■ Task to complete ■
Using the data that follows, give again word for word the lines between the one holding "Syedi Rice —" and the one holding "Bamboo Forest (6", inclusive. Omit the pictures.

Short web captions
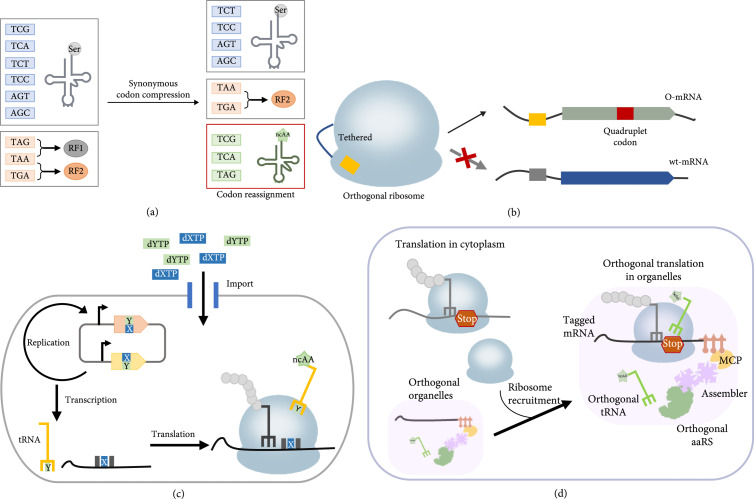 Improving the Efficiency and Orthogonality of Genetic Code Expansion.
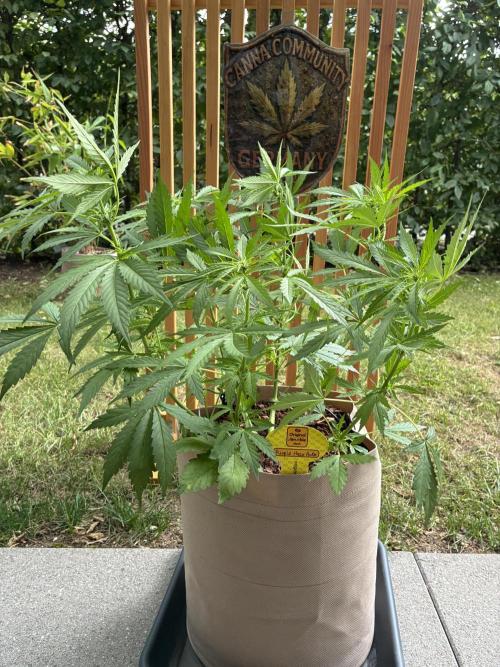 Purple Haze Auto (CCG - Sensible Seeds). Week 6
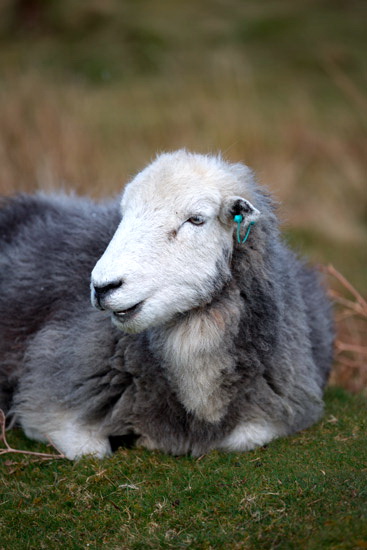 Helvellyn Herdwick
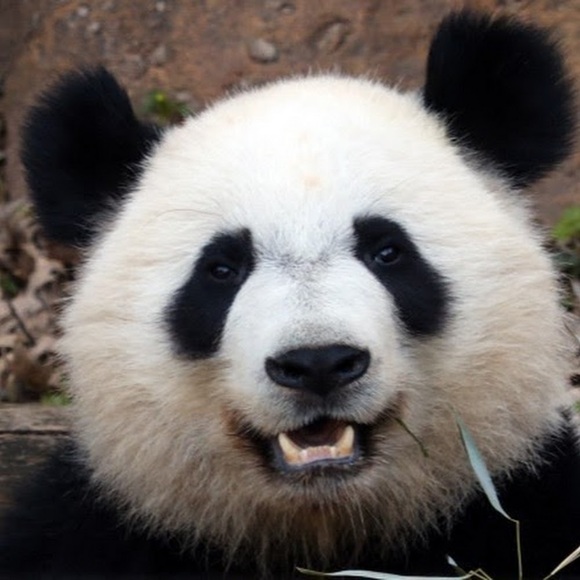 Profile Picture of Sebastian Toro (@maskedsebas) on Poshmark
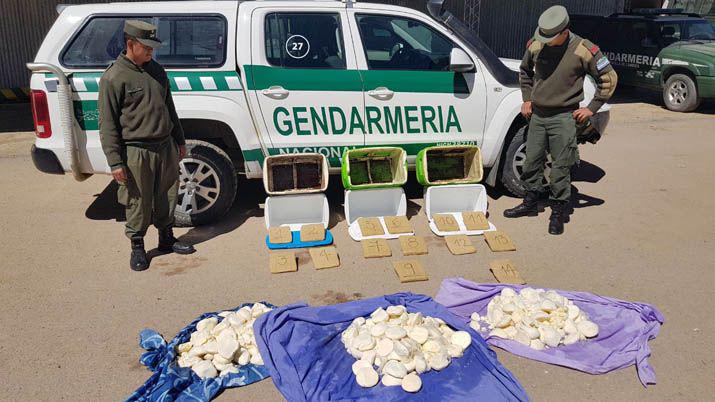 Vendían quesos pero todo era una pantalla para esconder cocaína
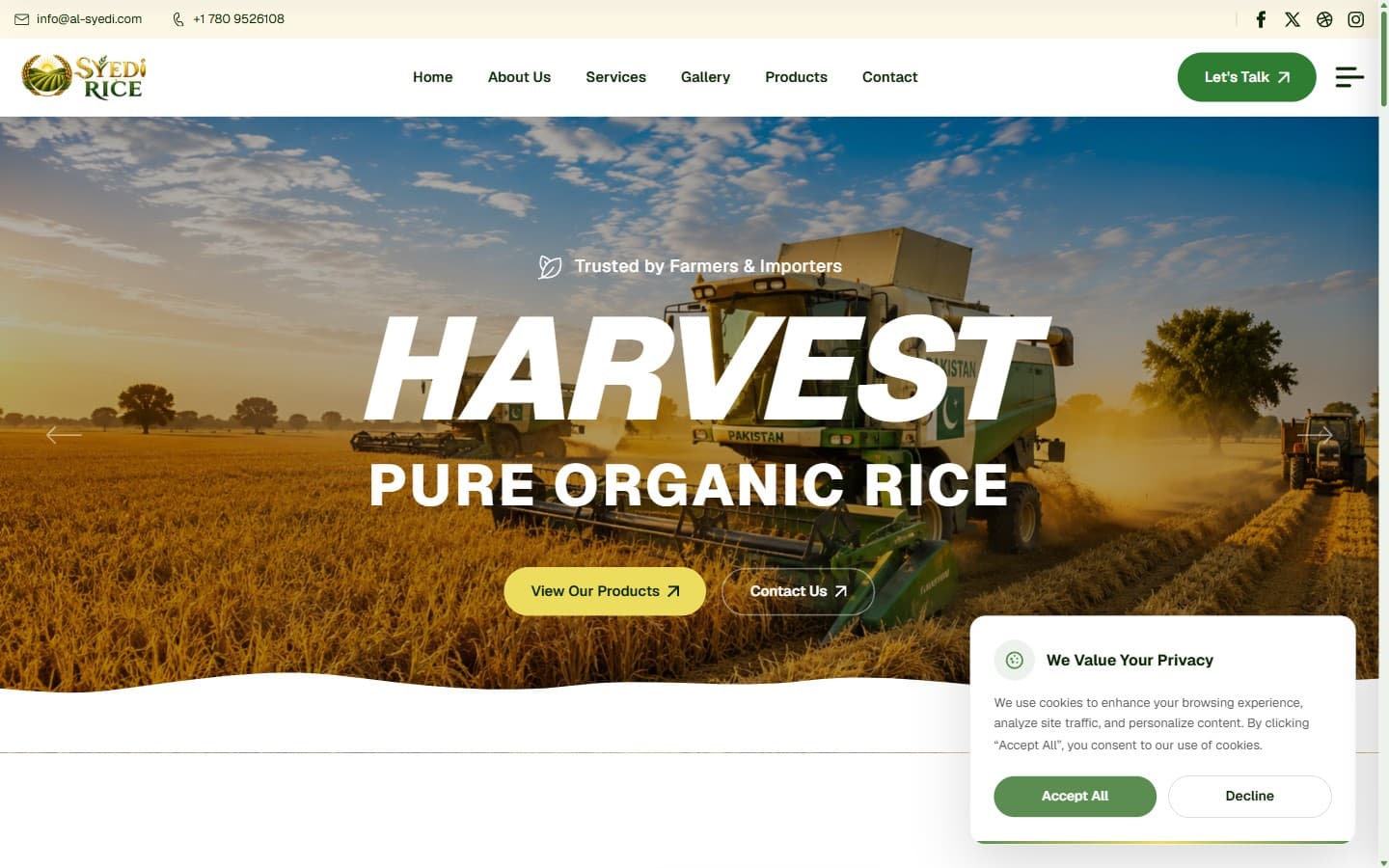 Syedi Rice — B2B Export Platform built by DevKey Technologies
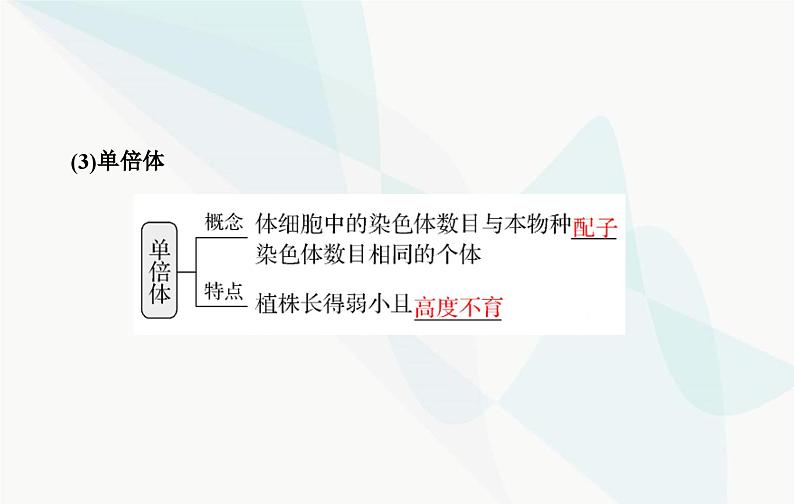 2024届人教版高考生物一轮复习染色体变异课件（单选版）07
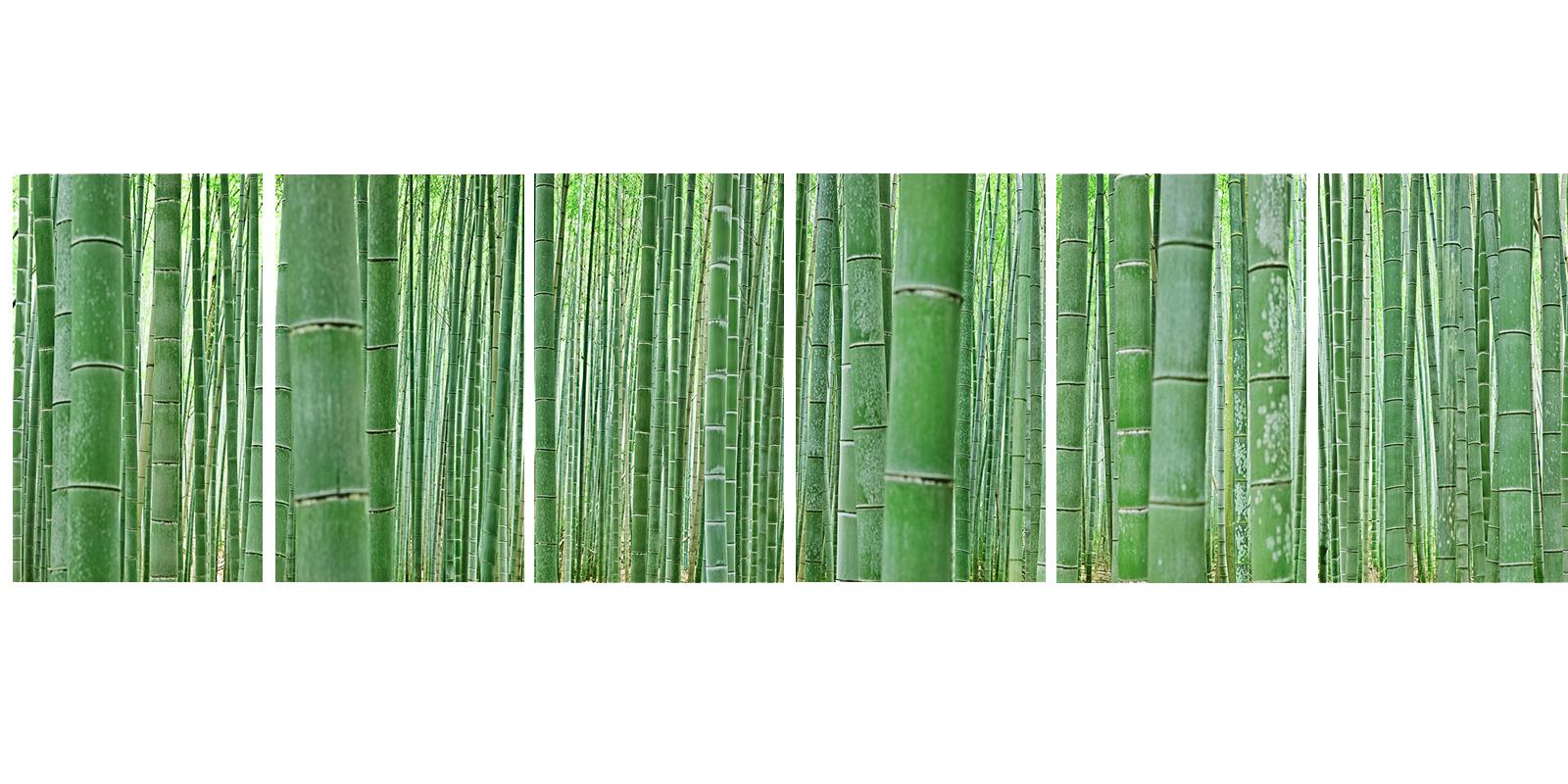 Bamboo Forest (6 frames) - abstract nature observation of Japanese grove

--

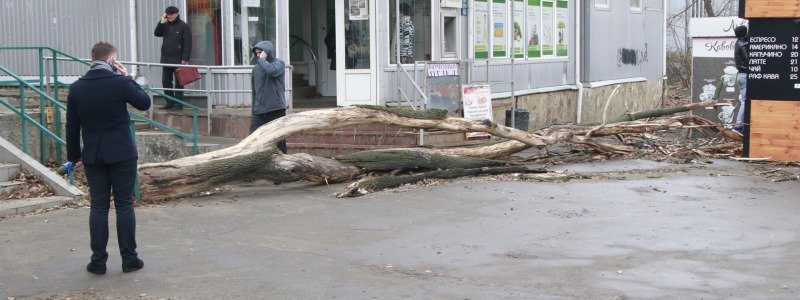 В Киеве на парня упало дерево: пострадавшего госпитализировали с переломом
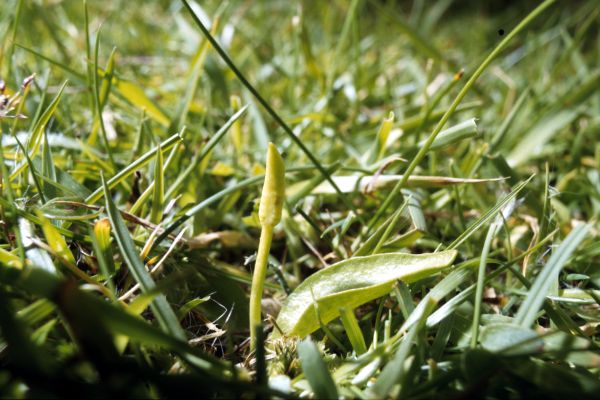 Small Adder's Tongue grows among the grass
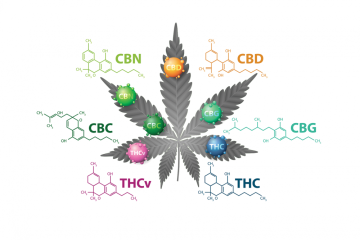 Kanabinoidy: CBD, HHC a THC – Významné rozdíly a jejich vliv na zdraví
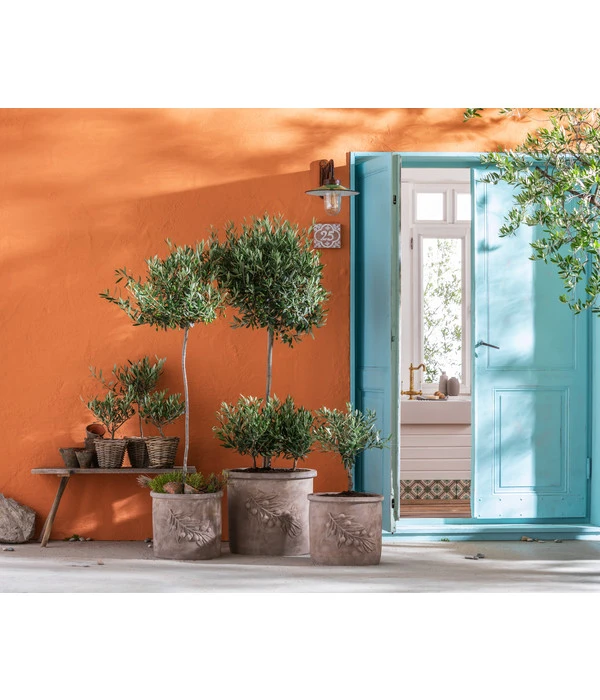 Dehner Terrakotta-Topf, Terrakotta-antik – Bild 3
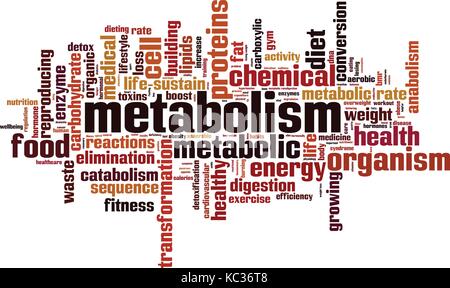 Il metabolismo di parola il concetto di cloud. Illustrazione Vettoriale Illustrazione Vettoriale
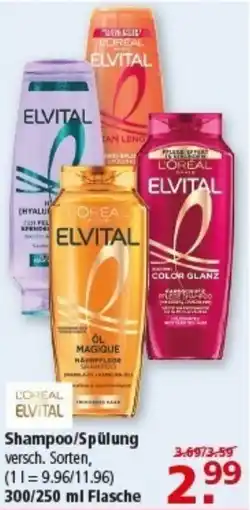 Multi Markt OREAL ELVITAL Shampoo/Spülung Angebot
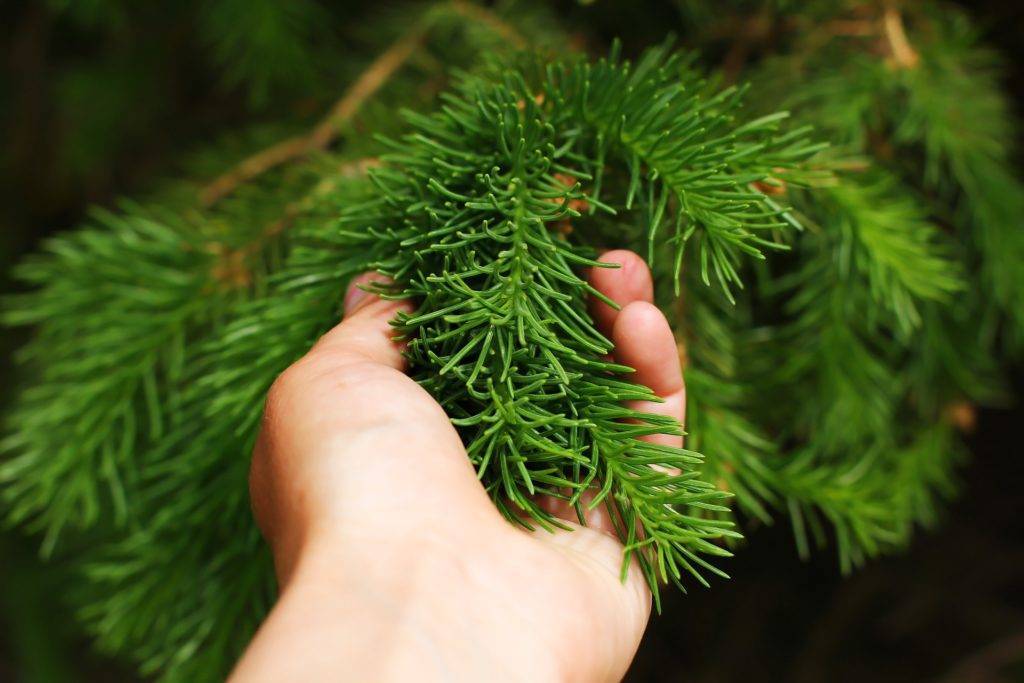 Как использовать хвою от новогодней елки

■ Worked solution ■
 Syedi Rice — B2B Export Platform built by DevKey Technologies
 2024届人教版高考生物一轮复习染色体变异课件（单选版）07
 Bamboo Forest (6 frames) - abstract nature observation of Japanese grove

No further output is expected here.